** INPUT DATA follows **
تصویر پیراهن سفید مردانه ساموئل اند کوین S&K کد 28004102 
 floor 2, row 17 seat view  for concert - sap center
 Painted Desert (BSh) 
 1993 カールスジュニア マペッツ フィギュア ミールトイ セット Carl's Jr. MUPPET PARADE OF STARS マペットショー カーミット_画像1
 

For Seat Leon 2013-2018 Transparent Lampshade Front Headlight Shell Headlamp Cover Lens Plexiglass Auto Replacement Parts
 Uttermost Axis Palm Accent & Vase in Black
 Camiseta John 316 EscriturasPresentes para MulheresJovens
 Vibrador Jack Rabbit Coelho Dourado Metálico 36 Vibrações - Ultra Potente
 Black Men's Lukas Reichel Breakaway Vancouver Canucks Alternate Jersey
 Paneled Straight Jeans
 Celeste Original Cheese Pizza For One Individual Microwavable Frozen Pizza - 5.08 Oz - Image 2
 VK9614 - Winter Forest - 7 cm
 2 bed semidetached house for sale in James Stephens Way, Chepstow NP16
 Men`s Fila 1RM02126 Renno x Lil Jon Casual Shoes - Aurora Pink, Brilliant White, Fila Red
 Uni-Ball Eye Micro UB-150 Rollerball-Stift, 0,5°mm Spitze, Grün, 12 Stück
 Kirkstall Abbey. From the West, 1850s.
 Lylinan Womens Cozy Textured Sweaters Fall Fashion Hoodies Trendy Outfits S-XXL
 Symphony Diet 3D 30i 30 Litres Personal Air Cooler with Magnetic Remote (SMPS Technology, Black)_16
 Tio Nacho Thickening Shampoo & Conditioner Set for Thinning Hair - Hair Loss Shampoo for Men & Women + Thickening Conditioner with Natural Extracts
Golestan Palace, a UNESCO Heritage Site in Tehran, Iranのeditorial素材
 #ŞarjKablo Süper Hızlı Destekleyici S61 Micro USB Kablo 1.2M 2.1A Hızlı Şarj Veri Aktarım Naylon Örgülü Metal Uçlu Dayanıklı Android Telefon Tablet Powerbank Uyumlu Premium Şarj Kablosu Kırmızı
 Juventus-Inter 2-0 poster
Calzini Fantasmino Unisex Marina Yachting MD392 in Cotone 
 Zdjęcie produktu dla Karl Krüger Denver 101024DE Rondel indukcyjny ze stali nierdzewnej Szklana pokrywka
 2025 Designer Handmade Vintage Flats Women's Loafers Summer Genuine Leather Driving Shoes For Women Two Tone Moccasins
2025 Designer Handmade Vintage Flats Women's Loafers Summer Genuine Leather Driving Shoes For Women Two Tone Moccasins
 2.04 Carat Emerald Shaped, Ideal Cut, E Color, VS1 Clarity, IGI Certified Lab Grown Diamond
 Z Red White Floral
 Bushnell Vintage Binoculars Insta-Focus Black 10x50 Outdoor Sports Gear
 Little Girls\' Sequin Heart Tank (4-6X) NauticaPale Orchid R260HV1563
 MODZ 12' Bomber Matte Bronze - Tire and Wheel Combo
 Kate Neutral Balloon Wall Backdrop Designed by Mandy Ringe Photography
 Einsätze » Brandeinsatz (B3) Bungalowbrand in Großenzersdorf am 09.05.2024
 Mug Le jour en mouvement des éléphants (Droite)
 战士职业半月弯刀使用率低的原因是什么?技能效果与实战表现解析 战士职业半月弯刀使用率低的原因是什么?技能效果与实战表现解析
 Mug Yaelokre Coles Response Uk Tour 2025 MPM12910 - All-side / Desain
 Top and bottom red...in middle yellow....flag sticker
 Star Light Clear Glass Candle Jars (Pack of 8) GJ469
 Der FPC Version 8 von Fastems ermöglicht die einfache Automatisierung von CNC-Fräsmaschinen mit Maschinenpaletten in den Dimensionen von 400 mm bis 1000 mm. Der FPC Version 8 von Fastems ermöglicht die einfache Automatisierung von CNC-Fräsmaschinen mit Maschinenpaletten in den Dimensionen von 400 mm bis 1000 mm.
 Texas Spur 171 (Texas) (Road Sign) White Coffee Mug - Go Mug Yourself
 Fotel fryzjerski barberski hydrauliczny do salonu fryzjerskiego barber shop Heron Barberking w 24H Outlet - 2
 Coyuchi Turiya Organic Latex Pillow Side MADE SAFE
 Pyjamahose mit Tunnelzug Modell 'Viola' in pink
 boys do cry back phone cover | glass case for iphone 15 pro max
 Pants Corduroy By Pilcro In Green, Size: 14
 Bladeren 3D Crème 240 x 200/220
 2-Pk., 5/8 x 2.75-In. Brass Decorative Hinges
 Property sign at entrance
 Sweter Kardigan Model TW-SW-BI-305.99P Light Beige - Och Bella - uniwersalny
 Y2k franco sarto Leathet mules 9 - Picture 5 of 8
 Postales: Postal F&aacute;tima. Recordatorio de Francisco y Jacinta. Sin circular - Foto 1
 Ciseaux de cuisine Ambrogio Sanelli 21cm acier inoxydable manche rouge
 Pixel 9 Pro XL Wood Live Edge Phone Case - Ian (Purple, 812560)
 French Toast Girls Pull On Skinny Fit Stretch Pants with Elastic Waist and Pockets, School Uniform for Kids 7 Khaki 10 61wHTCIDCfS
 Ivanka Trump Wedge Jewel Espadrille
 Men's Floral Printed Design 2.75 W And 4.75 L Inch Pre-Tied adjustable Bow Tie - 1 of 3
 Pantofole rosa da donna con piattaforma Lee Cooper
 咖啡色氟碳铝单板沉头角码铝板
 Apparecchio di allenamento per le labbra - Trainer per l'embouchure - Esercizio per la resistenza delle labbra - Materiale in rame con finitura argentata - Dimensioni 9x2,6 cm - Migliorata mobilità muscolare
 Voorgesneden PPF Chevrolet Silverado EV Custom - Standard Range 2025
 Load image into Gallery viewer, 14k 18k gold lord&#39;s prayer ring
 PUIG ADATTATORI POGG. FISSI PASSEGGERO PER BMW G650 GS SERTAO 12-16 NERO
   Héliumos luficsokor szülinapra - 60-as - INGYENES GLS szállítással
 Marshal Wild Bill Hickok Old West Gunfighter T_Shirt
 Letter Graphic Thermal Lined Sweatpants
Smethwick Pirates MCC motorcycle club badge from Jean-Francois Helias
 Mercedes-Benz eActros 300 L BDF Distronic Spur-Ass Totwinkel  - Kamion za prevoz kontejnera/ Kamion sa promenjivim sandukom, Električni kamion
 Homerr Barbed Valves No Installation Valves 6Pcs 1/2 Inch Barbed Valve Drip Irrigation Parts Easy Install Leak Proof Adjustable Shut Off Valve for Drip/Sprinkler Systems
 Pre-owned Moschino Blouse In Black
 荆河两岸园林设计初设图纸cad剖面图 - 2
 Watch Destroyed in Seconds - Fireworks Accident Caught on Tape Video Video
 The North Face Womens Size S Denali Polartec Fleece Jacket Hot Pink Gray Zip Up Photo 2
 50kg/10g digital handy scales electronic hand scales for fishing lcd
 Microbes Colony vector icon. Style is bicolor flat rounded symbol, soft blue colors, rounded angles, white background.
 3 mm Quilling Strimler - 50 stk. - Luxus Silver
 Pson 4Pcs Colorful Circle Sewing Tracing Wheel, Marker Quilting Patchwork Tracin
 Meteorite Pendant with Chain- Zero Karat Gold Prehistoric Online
** End of INPUT DATA **
# EXERCISE BRIEF
How many of the lines above contain the word "Wheel"? Only the number should be given.

# TASK RESULT
2